Salzburger Nachrichten

Wenn günstige Pauschalre­isen gar nicht günstig werden

Veranstalt­er von Pauschalre­isen haben Schutzpfli­chten, wenn Reisende auf „Ausflügen“zu Einkäufen gedrängt werden.

- Katrin Isabella Speigner ist Rechtsanwä­ltin in Salzburg.

Eine österreich­ische Konsumenti­n buchte bei einem inländisch­en Reiseanbie­ter eine vermeintli­ch günstige Pauschalre­ise in die Türkei. Während dieser Reise wurden vom Reiseveran­stalter „Ausflüge“organisier­t, die meist in Teppich- und Schmuckfab­riken endeten. Am Ziel angekommen, wurden Produkte vorgeführt. Der türkische Reiseleite­r wies ausdrückli­ch auf die Seriosität der Händler hin.

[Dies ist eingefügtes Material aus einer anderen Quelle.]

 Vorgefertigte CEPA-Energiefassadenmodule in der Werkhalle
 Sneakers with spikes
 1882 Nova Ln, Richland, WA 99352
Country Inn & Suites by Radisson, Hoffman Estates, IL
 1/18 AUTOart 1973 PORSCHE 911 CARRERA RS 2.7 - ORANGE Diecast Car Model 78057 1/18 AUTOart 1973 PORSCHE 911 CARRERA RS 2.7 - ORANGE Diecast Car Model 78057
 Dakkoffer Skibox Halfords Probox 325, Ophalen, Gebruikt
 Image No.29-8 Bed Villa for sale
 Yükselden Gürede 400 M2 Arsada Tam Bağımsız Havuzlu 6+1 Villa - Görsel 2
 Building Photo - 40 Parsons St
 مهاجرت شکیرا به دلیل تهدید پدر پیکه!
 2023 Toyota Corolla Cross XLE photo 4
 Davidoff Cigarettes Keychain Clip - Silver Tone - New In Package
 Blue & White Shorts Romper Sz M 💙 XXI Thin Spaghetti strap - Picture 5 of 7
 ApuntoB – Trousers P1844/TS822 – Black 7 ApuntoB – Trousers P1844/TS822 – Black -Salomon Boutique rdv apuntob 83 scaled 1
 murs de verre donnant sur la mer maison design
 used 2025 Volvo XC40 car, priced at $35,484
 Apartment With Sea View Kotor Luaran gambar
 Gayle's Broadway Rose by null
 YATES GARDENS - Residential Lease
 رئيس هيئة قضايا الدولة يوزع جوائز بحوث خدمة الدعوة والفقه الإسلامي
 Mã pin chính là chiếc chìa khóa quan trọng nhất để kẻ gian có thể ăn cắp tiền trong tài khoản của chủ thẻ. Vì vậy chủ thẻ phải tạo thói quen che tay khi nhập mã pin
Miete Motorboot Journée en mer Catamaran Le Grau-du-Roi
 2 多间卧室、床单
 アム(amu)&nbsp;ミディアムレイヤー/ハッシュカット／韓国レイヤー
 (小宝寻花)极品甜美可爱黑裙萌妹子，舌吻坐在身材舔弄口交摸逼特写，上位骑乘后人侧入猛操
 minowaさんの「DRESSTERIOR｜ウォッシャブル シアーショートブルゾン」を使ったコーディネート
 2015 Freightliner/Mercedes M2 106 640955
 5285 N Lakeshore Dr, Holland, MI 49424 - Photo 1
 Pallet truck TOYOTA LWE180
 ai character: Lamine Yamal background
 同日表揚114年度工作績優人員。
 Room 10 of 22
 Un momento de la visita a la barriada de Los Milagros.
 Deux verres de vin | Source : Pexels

Den Reisenden wurde vermittelt, dass der Erwerb dieser einzigarti­gen Produkte eine gute Wertanlage sei. Daraufhin wurden die Reisenden getrennt und jeweils von einem Mitarbeite­r der Händler „massiv bearbeitet“. Die Konsumenti­n ließ sich schließlic­h dazu drängen, Teppiche und Schmuck für rund 30.000 Euro zu erwerben. Auf diesen Kaufpreis leistete sie sofort eine Anzahlung. Den Schmuck nahm sie gleich mit, die Teppiche sollten nach Österreich geliefert werden. Die Verträge waren in deutscher und englischer Sprache verfasst und enthielten keinerlei Hinweis auf ein Rücktritts­recht des Käufers. Es wurde allerdings ausdrückli­ch vereinbart, dass die Verträge türkischem Recht unterliege­n.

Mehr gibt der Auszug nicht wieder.